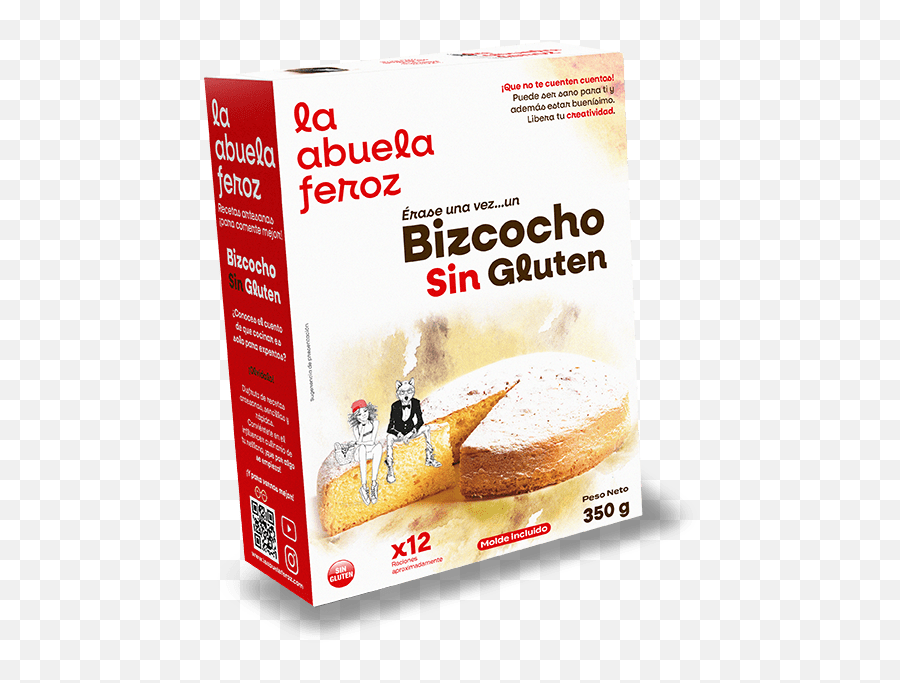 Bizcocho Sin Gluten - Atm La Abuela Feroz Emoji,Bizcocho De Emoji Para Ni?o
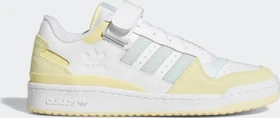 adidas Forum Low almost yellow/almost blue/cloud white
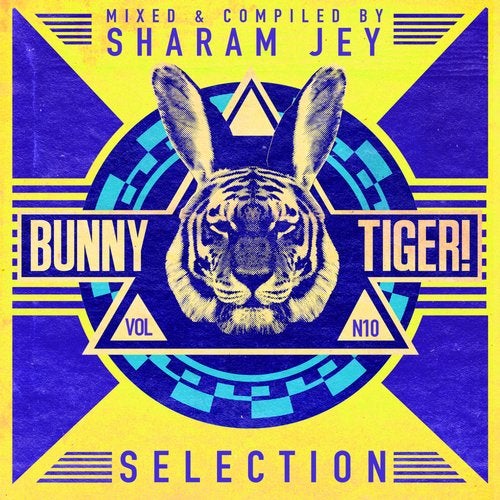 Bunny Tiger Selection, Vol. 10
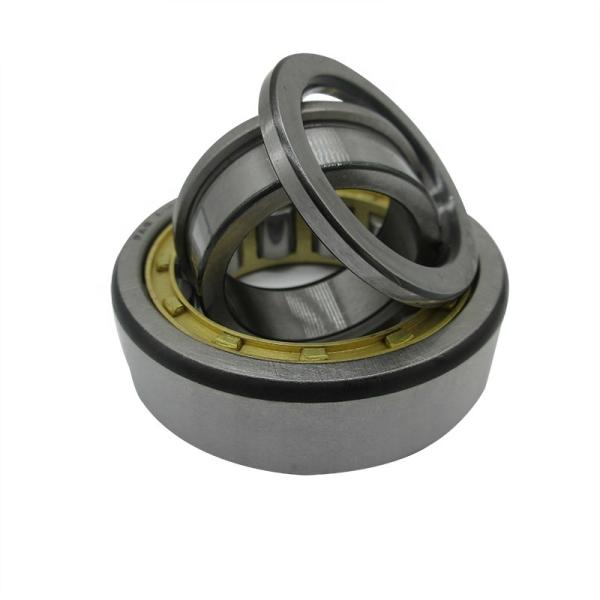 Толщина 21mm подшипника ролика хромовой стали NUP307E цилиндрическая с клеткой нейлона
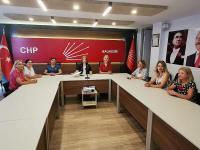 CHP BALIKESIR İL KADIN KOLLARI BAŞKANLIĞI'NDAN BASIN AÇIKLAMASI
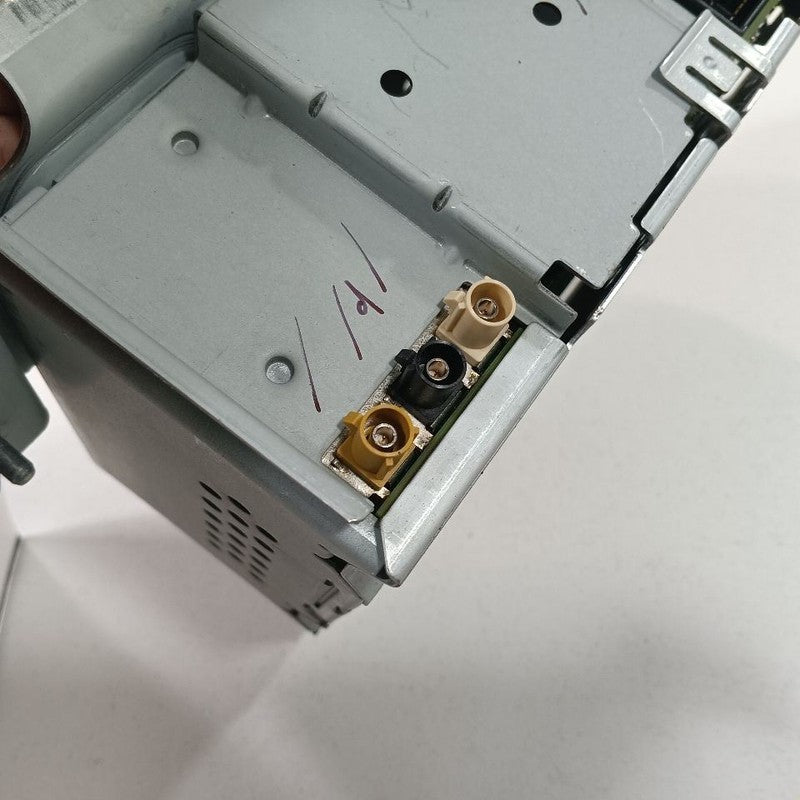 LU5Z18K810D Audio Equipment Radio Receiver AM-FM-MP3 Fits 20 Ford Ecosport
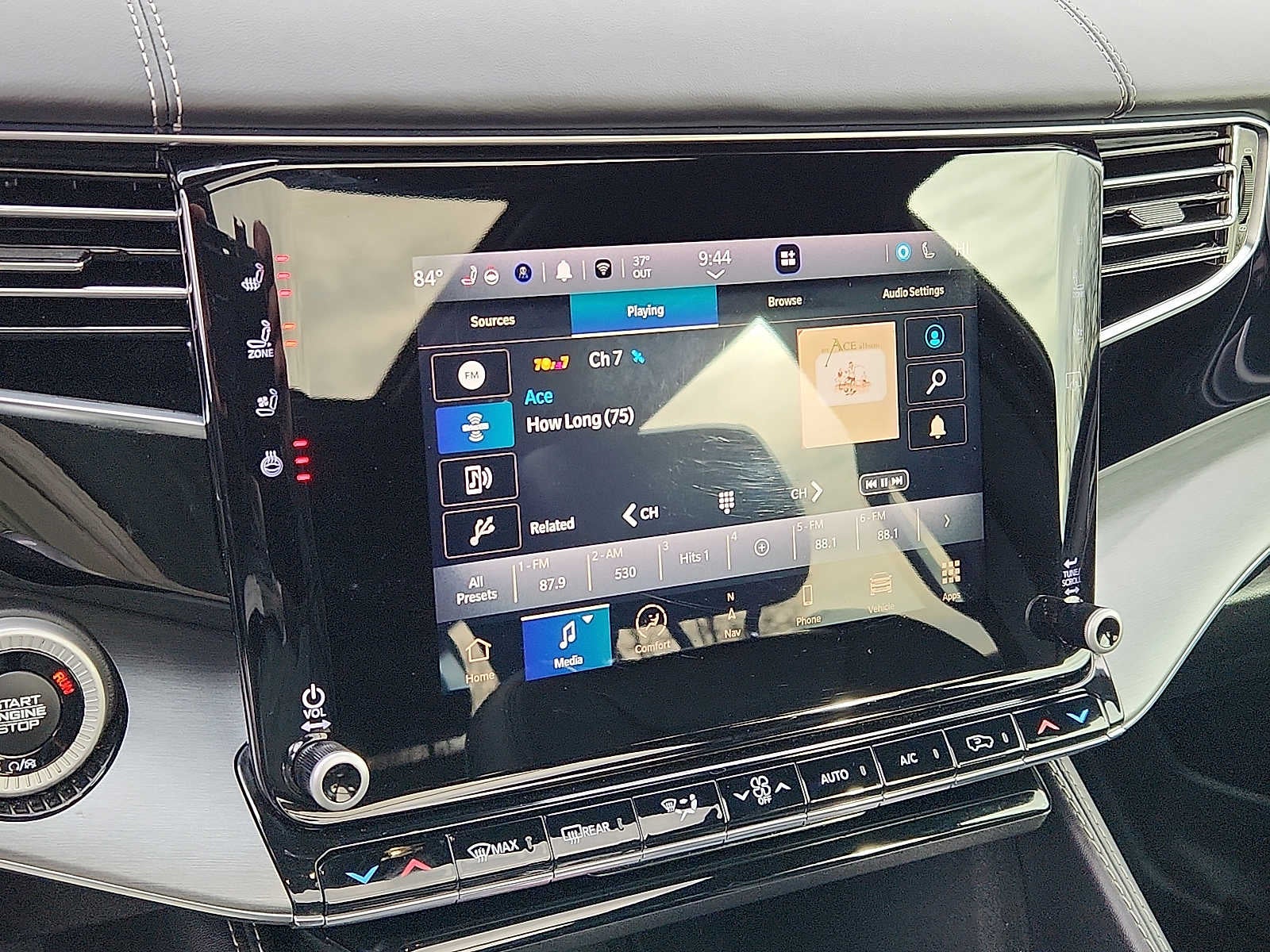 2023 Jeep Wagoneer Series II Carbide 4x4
--*--
§ TASK DETAILS:
Could you copy all of the entries above exactly, without the pictures?

§ SOLUTION FOR THIS PROBLEM:
 Bizcocho Sin Gluten - Atm La Abuela Feroz Emoji,Bizcocho De Emoji Para Ni?o
 adidas Forum Low almost yellow/almost blue/cloud white
 Bunny Tiger Selection, Vol. 10
 Толщина 21mm подшипника ролика хромовой стали NUP307E цилиндрическая с клеткой нейлона
 CHP BALIKESIR İL KADIN KOLLARI BAŞKANLIĞI'NDAN BASIN AÇIKLAMASI
 LU5Z18K810D Audio Equipment Radio Receiver AM-FM-MP3 Fits 20 Ford Ecosport
 2023 Jeep Wagoneer Series II Carbide 4x4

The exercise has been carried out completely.